Personal information
- Full name: Jacob Adicoff
- Born: May 16, 1995 (age 31) San Jose, California, U.S.
- Home town: Sun Valley, Idaho, U.S.
- Height: 5 ft 9 in (175 cm)

Sport
- Country: United States
- Sport: Para Nordic skiing (Para cross-country skiing and Para biathlon)
- Disability: Visually impaired
- Disability class: NS3
- Partner: Sawyer Kesselheim (guide)

Medal record
Men's Para cross-country skiing
Representing United States
Paralympics Games
| Gold medal – first place | 2022 Beijing | 4 × 2.5 km mixed relay |
| Gold medal – first place | 2026 Milan Cortina | Sprint visually impaired |
| Gold medal – first place | 2026 Milan Cortina | 10 km classical visually impaired |
| Gold medal – first place | 2026 Milan Cortina | 20 km freestyle visually impaired |
| Gold medal – first place | 2026 Milan Cortina | 4 × 2.5 km mixed relay |
| Silver medal – second place | 2018 Pyeongchang | 10km classical visually impaired |
| Silver medal – second place | 2022 Beijing | 20km classical visually impaired |
| Silver medal – second place | 2022 Beijing | 1.5km sprint visually impaired |

= Jake Adicoff =

American Para cross-country skier and biathlete (born 1995)

Jacob Adicoff (born May 16, 1995) is an American visually impaired Para cross-country skier and biathlete. He competed at the Winter Paralympics in 2014, 2018, 2022 and 2026.

==Career==
Jake Adicoff claimed his first Paralympic medal after clinching a silver medal in the men's 10km visually impaired cross-country skiing event during the 2018 Winter Paralympics. Notably, he dedicated the silver medal to Mugsy, his dog.

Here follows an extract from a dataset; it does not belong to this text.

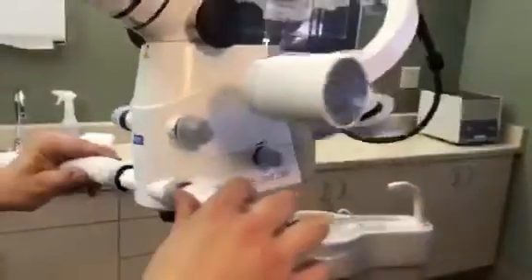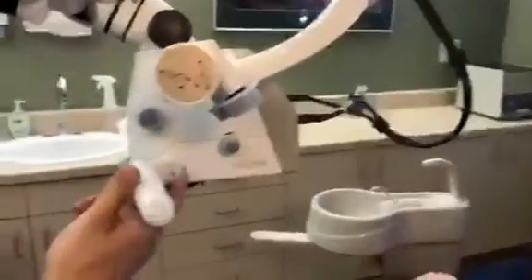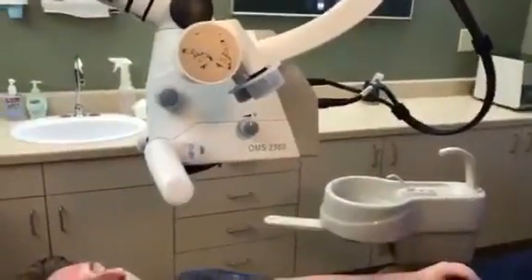The last thing your microscope has is pictures and video. Once you're hooked up to a monitor, you'll be able to utilize that feature.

He won the gold medal in the men's 12.5 km visually impaired cross-country skiing event at the 2021 World Para Snow Sports Championships held in Lillehammer, Norway. He also won the bronze medal in the men's long-distance visually impaired cross-country skiing event.

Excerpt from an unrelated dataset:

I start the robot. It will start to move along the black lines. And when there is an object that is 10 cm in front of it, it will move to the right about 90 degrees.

In 2026, he won the 1.5km sprint at the Para Cross Country Skiing Sprint Vision Impaired Final of the 2026 Winter Paralympics, becoming the first openly gay male athlete to win a gold medal as an individual at any Winter Paralympics.

==Personal life==
Adicoff is openly gay and has been involved with the LGBTQ athlete advocacy organization Out Athlete Fund.